To overwrite a module with our own malicious one, one can import the original firmware image to UEFITool and choose the “Replace body” option on the “PE32 image section” entry under the SMM module and then choose the compiled .efi binary of the SMM rootkit. By doing this, the GUID and name of the module will not be changed, but the code section and the metadata of the PE image will, resulting in the SMM core to still load the module, as it thinks it is the original one that actually got replaced. The module to be replaced should obviously be some non-critical one which absense should not affect the operation of the machine. For example, which module’s PE image would you replace, FanControllerSmm’s or PiSmmCpuDxeSmm’s? :-)

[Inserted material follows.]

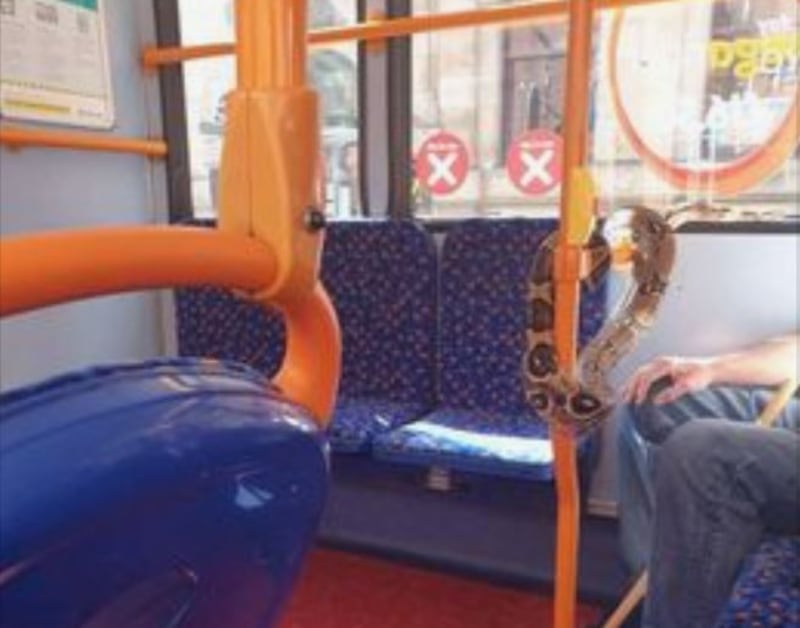 A man with a snake on a bus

On newer versions of UDK, there is a runtime page fault handler which by default stalls the CPU if a page fault happens when the CPU operating in SMM tries to access a memory address outside the SMRAM. This handler is located inside the PiSmmCpuDxeSmm. In the example case of vUDK2018 tag of the EDK II repository, which was used to build this SMM rootkit, the C implementation can be found in function SmiPFHandler from the PageTbl.c file. There is also a boolean flag named gUefiCpuPkgTokenSpaceGuid.PcdCpuSmmStaticPageTable inside the file UefiCpuPkg.dec which allows SMM to use on-demand paging when set to false. These need to be patched in order for our SMM rootkit to access the OS memory area.

On some firmwares the page fault handler and flag for static page table do not exist at all, but those cases are mainly older versions of the firmware, when there was no such checks at all in the UDK base.

When testing the project inside a virtual machine, these patches can be applied directly in EDK’s source files, since the PiSmmCpuDxeSmm module will be built locally. My rootkit repository has pre-patched these source files (PageTbl.c and UefiCpuPkg.dec) for the vUDK2018 tag of EDK II. However, with a dumped PiSmmCpuDxeSmm binary from a real motherboard, the page fault handler can be patched with a sophisticated reverse engineering software such as Ghidra or IDA Pro by searching for an endless loop inside the dumped module (CpuDeadLoop in PageTbl.c). After the module is patched, the original one inside the firmware image can be replaced by using the same procedure described above for overwriting an SMM module with arbitrary malicious SMM module binary.

You should now have a malicious SMM module that is able to infect a ring-3 (user mode) Windows 10 process and persist between OS reinstalls!

References

[1] Loıc Duflot, Daniel Etiemble, and Olivier Grumelard. “Using CPU system management mode to circumvent operating system security functions”. In: CanSecWest/core06 (2006).

[2] Unified EFI. “Unified extensible firmware interface specification”. In: Version 2.7 (2017).

[3] Shawn Embleton, Sherri Sparks, and Cliff C Zou. “SMM rootkit: a new breed of OS independent malware”. In: Security and Communication Networks 6.12 (2013), pp. 1590–1605.

[4] Xeno Kovah and Corey Kallenberg. “How Many Million BIOSes Would you Like to Infect?” In: Vancouver, BC, Canada). CanSecWest (2015).

[5] Julian Rauchberger, Robert Luh, and Sebastian Schrittwieser. “Longkit-A Universal Framework for BIOS/UEFI Rootkits in System Management Mode.” In: ICISSP. 2017, pp. 346–353.

[6] Joshua Schiffman and David Kaplan. “The SMM rootkit revisited: Fun with USB”. In: 2014 Ninth International Conference on Availability, Reliability and Security. IEEE. 2014, pp. 279–286.

[7] Pavel Yosifovich, David A Solomon, and Alex Ionescu. Windows Internals, Part 1: System architecture, processes, threads, memory management, and more. Microsoft Press, 2017.

[8] Vincent Zimmer, Michael Rothman, and Suresh Marisetty. Beyond BIOS: developing with the Unified Extensible Firmware Interface. Walter de Gruyter GmbH & Co KG, 2017.